109. Convert Sorted List to Binary Search Tree

109. Convert Sorted List to Binary Search Tree
(AC)

/**
 * Definition for singly-linked list.
 * public class ListNode {
 *     int val;
 *     ListNode next;
 *     ListNode(int x) { val = x; }
 * }
 */
/**
 * Definition for a binary tree node.
 * public class TreeNode {
 *     int val;
 *     TreeNode left;
 *     TreeNode right;
 *     TreeNode(int x) { val = x; }
 * }
 */
  
class Solution {
    public TreeNode sortedListToBST(ListNode head) {
      if(head == null) return null;
      return helper(head, null);
    }
  
    public TreeNode helper(ListNode head, ListNode tail){
      if(head == tail) return null;/////
    
      ListNode slow = head;
      ListNode fast = head;
      
      
      while(fast != tail && fast.next != tail){
        slow = slow.next;
        fast = fast.next.next;
      }
      
      TreeNode root = new TreeNode(slow.val);
      root.left = helper(head, slow);
      root.right = helper(slow.next, tail);
      return root;
    }
}










/// NullPointerException


class Solution {
    public TreeNode sortedListToBST(ListNode head) {
      // base cases 
      // size = 0;
      if(head == null) return null;
      // size = 1
      if(head.next == null){
        TreeNode root = new TreeNode(head.next.val);
        return root;
      }
      
      // size = 2
      if(head.next.next == null){
        TreeNode next = new TreeNode(head.next.val);
        TreeNode root = new TreeNode(head.val);
        
        root.right = next;
        return root;
      }
      
      // size = 3 
      if(head.next.next.next == null){
        TreeNode root = new TreeNode(head.next.val);
        TreeNode right = new TreeNode(head.next.next.val);
        TreeNode left = new TreeNode(head.val);
        
        root.left = left;
        root.right = right;
        
        return root;
      }
      
      // induction rules
      
      ListNode mid = findMid(head);
      ListNode rootNode = mid.next;
      ListNode nextNode = rootNode.next;
      
      mid.next = null;
      rootNode.next = null;
      
      TreeNode root = new TreeNode(rootNode.val);
      root.left = sortedListToBST(head);
      root.right = sortedListToBST(nextNode);
      
      return root;
    }
    
    private ListNode findMid(ListNode head){
      ListNode fast = head;
      ListNode slow = head;
      
      while(fast.next != null && fast.next.next != null){
        fast = fast.next.next;
        slow = slow.next;
      }
      return slow;
    }
}

 

Given a singly linked list where elements are sorted in ascending order, convert it to a height balanced BST.

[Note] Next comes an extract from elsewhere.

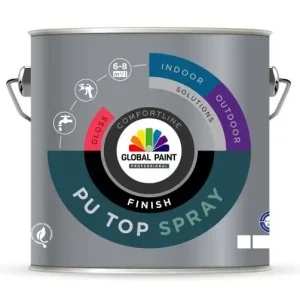 Global Paint PU Top Spray Finish Gloss | Verspuitbare Hoogglans Lakverf Binnen-2,5 LTR - Wit Hoge Kwaliteit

For this problem, a height-balanced binary tree is defined as a binary tree in which the depth of the two subtrees of every node never differ by more than 1.

Example:

Given the sorted linked list: [-10,-3,0,5,9],

One possible answer is: [0,-3,9,-10,null,5], which represents the following height balanced BST:

      0
     / \
   -3   9
   /   /
 -10  5


先按照第一种方法做。 第二种方法不太靠谱。。。